Most Airplane Stowaways in Wheel Wells Do Not Survive
After a 16-year-old boy climbed into a plane’s wheel well and traveled 5 1/2 hours from California to Hawaii, landing unharmed, officials are saying he’s “lucky to be alive’’ and are calling his survival “a miracle.’’
That’s because most who attempt such travel do not survive.
According to the Federal Aviation Administration, from 1996 to August 2012, there have been 95 stowaways on 84 flights worldwide and more than 75 percent of them have died, reports usatoday.com.
Health risks include getting crushed when the landing gear retracts, falling when compartment doors reopen, hypothermia, frostbite, hearing loss, tinnitus, hypoxia, and acidosis, according to a bbc.com report.
“They either get crushed or frozen to death,’’ aviation expert David Learmount told bbc.com.
The latest stowaway survived temperatures as low as 80 degrees below zero, reports usatoday.com. The FBI reported the boy was unconscious for most of the trip.

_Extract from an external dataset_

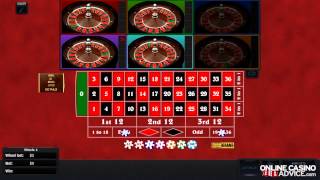 How to Play Multiwheel Roulette – OnlineCasinoAdvice.com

Other lucky stowaways in recent years include a teenage boy in Nigeria who stowed away in August for a 35-minute flight and a 20-year-old Romanian man who survived a trip from Vienna to Heathrow in 2010 inside the landing gear of a Boeing 747. In both of those incidents, experts said the lower altitude of 25,000 is what helped save them.
Examples of stowaways who didn’t make it include a 16-year-old boy named Delvonte Tisdale who fell to his death in Milton after stowing away aboard a flight from Charlotte, N.C., to Boston in 2010 and a 26-year-old man who fell onto a London street in 2012.